Twenty-five years after the April 1994 genocide against the Tutsi began in Rwanda, this episode takes a look at the lessons learned since then, for media, peacekeepers and communities that have lived through conflict and violence. Joining host Bessma Momani is genocide survivor Régine Uwibereyeho King, author Allan Thompson and researchers Timothy Donais and Eric Tanguay. They explain why the genocide was indeed a global event, not just a Rwandan event, and what kind of wake up call it gave to journalists, media consumers and the United Nations. The gap still exists between what protection is promised to civilians in harm’s way and what is actually given, but has the gap lessened? How far have we come in learning how to prevent such an atrocity, which saw 800,000 to one million people killed in 100 days?
Bessma Momani is professor at the Balsillie School of International Affairs and University of Waterloo and a senior fellow at the Centre for International Governance Innovation.

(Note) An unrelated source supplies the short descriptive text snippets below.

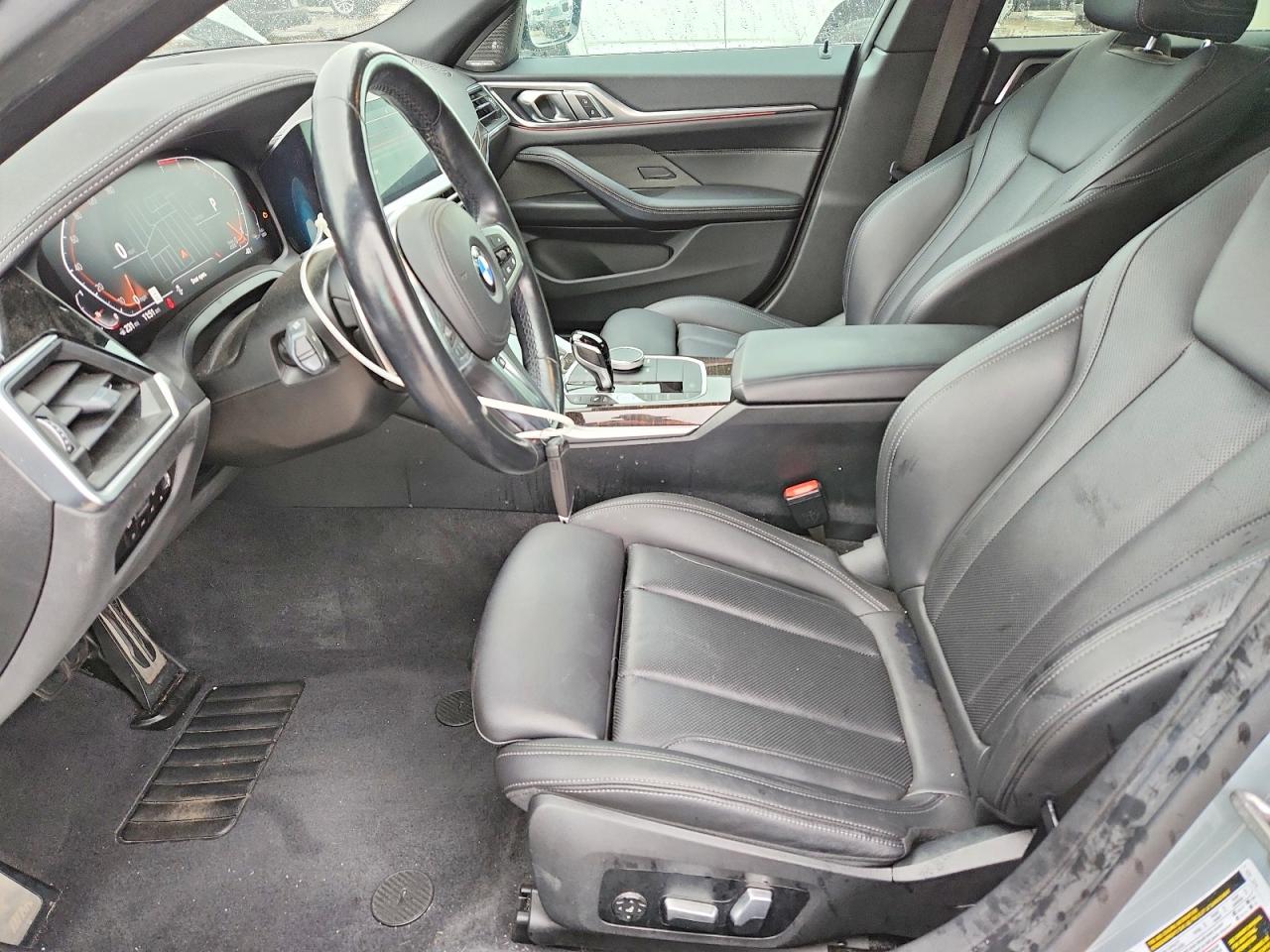 2023 BMW 430I Gran Coupe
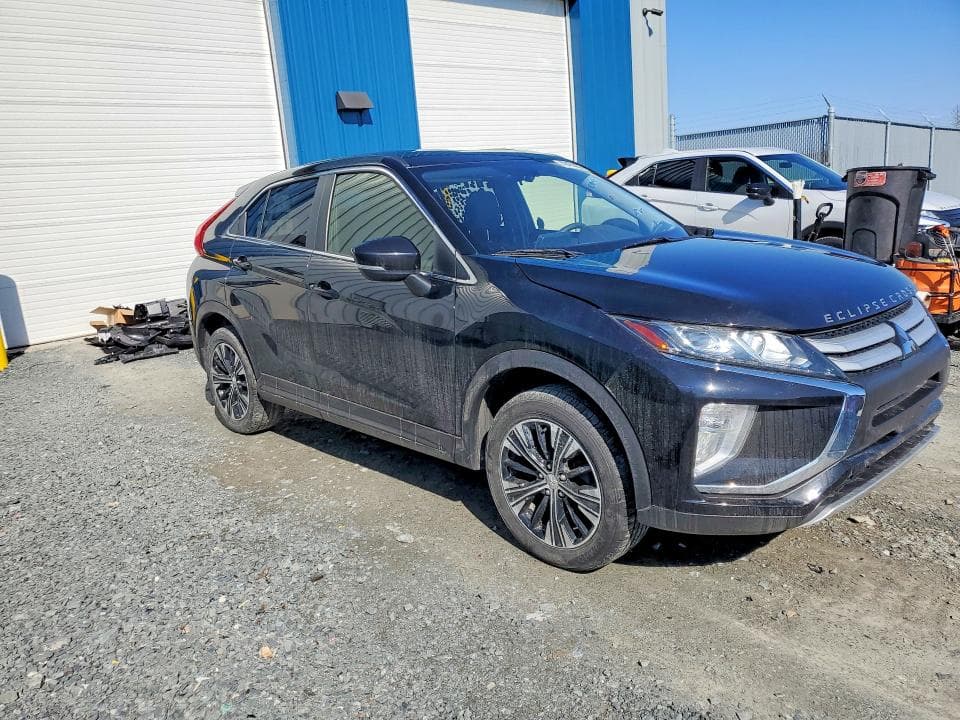 2020 MITSUBISHI ECLIPSE CROSS ES 4DR 4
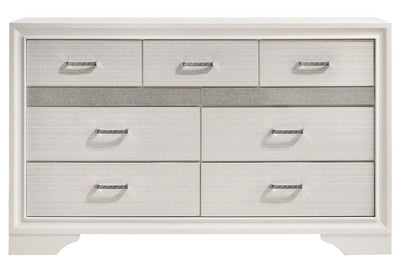 Miranda - 7-Drawer Dresser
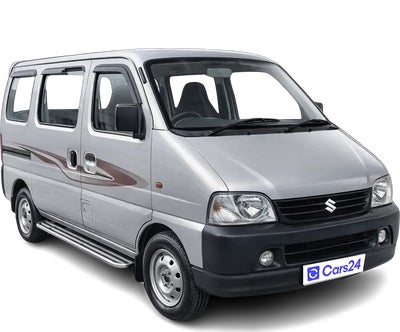 2012 Maruti Eeco - SUV - CNG - Manual - ₹1.60 lakh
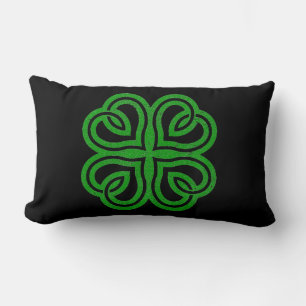 Le Coussin de Clover de St. Patrick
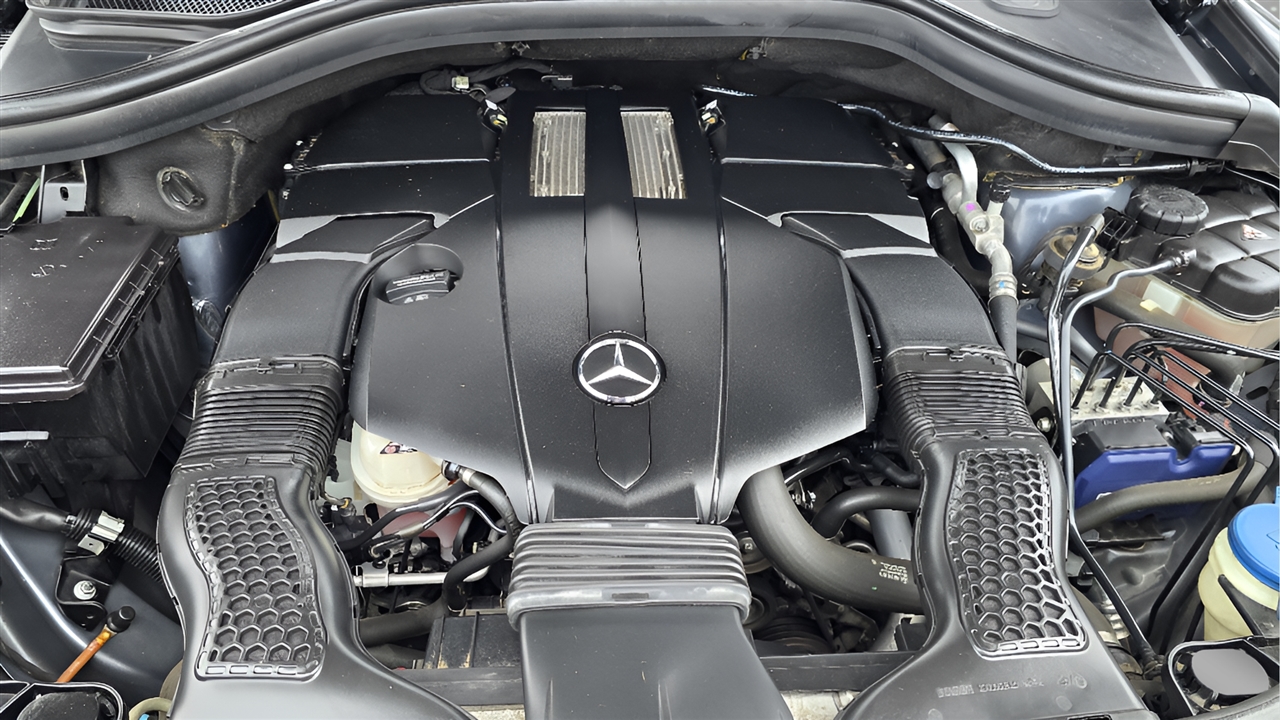 Mercedes-Benz GL-Class GL450 4MATIC 2016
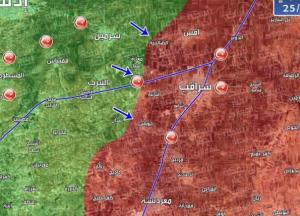 Тяжелейшие бои в Сирии - это месть Путина за облом в Ливии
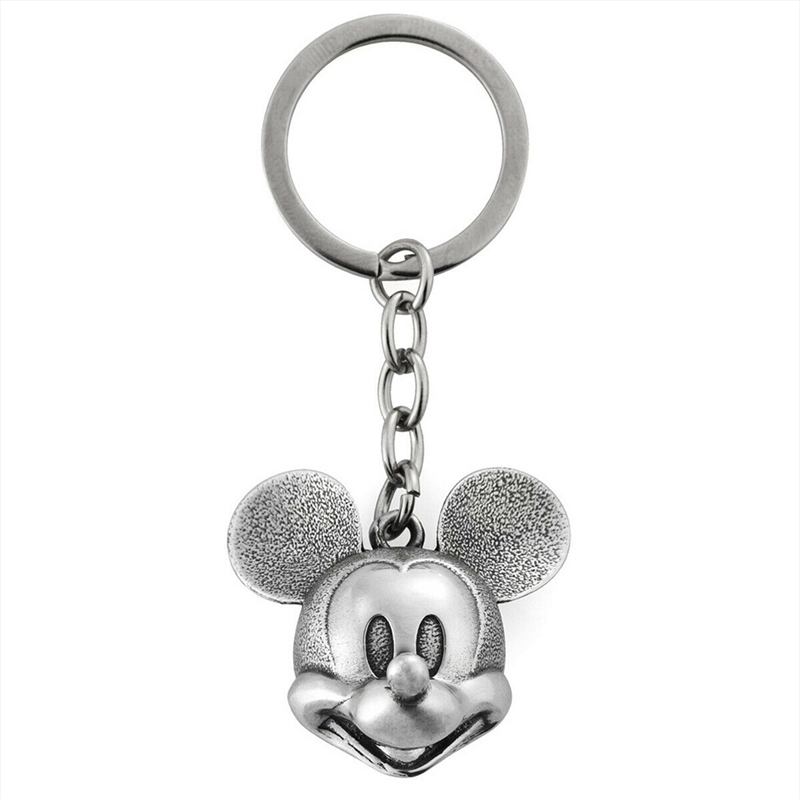 Mickey Mouse Steamboat Willie Keychain | Accessories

She’s also a non-resident senior fellow at the Stimson Center in Washington, D.C. and a Fulbright Scholar. She has been non-resident senior fellow at the Brookings Institution in Washington, D.C. and a 2015 Fellow at the Pierre Elliott Trudeau Foundation. She’s a frequent analyst and expert on international affairs in Canadian and global media.
This week’s guests
Timothy Donais is the director of the Master in International Policy program, associate director of the PhD program in Global Governance and associate professor in the Department of Global Studies at Wilfrid Laurier University. He also serves as the chair of the Peace and Conflict Studies Association of Canada.
Eric Tanguay is a PhD candidate with the Balsillie School of International Affairs. His current research focuses primarily on the recent history of political and ethnic violence in Kenya; the politicization of ethnicity; the role of civil society organizations in shaping political consciousness and identity; and the role of memory and history in facilitating conflict resolution and post-conflict reconciliation. Eric completed his Master’s degree in history at Wilfrid Laurier.

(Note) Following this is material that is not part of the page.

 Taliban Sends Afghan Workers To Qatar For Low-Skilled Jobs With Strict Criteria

Régine Uwibereyeho King is an associate professor in the Faculty of Social Work at the University of Calgary. She has a Ph.D. from the Factor-Inwentash Faculty of Social Work at the University of Toronto. As a survivor of the genocide against the Tutsi in Rwanda, she has dedicated her life to social justice, human rights for all, and healthy communities.
Allan Thompson is a senior fellow at the Centre for International Governance Innovation, where he leads the book project Media and Mass Atrocity: The Rwanda Genocide and Beyond. Allan joined the faculty of Carleton University’s School of Journalism and Communication in 2003, after 17 years as a reporter with The Toronto Star.